Denver Broncos: Mark Barron’s role with the team in 2020
What will Mark Barron’s role be with the Denver Broncos in 2020?
The Denver Broncos made official a move that has been anticipated now for a few days, signing linebacker/safety Mark Barron to a one-year contract.
John Elway is just about making a habit at this point of adding Nick Saban’s Alabama players, signing Kareem Jackson last offseason, and then using his first-round pick in the 2020 NFL Draft on wide receiver Jerry Jeudy.
Barron is still on a very short list of Saban’s Crimson Tide athletes to make their way to the Denver Broncos, but these players are bucking a trend, to be certain.
Barron and Jackson, interestingly enough, were teammates at Alabama for two seasons but they were starters together in 2009, and that was really when Barron got himself on the NFL radar with seven interceptions and 76 total tackles.
The seventh overall pick in the 2012 NFL Draft, Barron has had his ups and downs as an NFL player.
The Buccaneers, who drafted him in 2012, traded him to the St. Louis Rams in 2014, just Barron’s third season in the NFL.
He spent the next four-plus years with the Rams’ organization, moving with them to Los Angeles and playing in all but six games in that timeframe.
As a free agent in 2019, Barron signed a pretty decent contract with the Pittsburgh Steelers, getting two years and $12 million.
The Denver Broncos are getting Barron on a modest one-year deal, and hopefully he can provide some depth and stability at the linebacker position in the wake of Justin Strnad’s recent wrist injury.

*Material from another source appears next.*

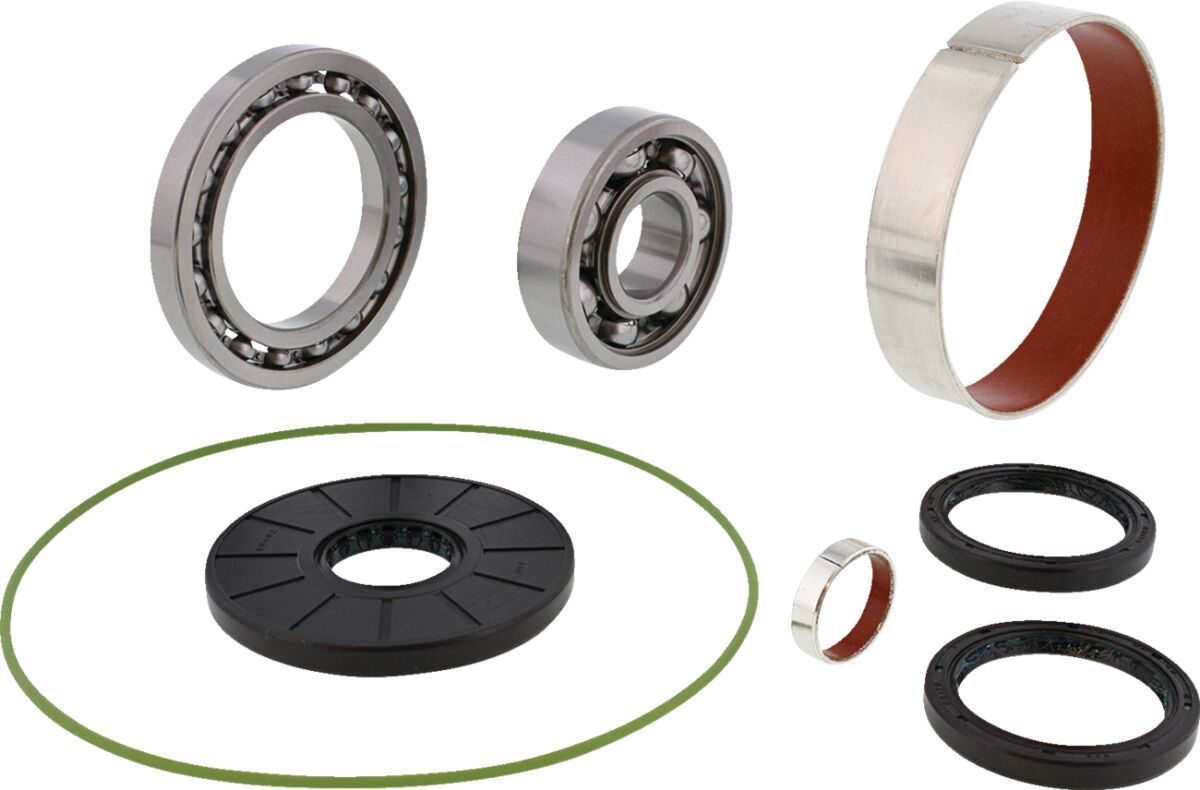 Differential Bearing/Seal Kit Polaris Ranger — Selected Models; See Fitment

Strnad had apparently worked his way into the nickel defense, a fascinating development the Broncos kept pretty well under wraps throughout training camp. The top three linebackers on the team have been Todd Davis, Alexander Johnson, and Josey Jewell, but it looks like the Broncos were planning on Strnad coming onto the field in place of Davis in the nickel defense.
That will obviously not be happening anymore, and Barron will presumably fill that role.

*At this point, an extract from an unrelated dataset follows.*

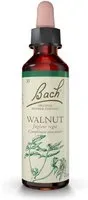 Fleurs de Bach® Walnut N°33 Goutte(S) 20 ml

Although he’s a former first-round pick and a converted safety at the linebacker position, Barron has struggled at the NFL level in coverage and is not a cure-all for the Broncos in that regard.
He’s going to need a crash course in learning Vic Fangio’s defense, which is what he will get, but in the meantime he’s going to have to prove he can cover backs and tight ends better than Josey Jewell.
The “if not more” piece of Mike Klis’ tweet here is every indicator you need of the Broncos’ plans for Barron in the 2020 season.
He’s going to play.
A lot.
This is not the most exciting prospect for those who have been unimpressed with Barron’s work to this point in his career, but it’s worth noting that despite his struggles, ineptitude, shortcomings — whatever you want to call it — despite it all he played over 700 snaps on the Steelers’ defense in 2019 and they were a top-five scoring defense with more turnovers forced than anyone in the NFL.
Is that to say Barron was directly responsible? No, but it’s possible for a defense to be a fine sum of its parts with Barron in the lineup on the majority of snaps, and not only is it possible, but it’s also proven.
When the Broncos go into their nickel defense, it should be expected that Barron will be out there. Hopefully, he can get his communication with Alexander Johnson and the rest of the players around him on point sooner rather than later.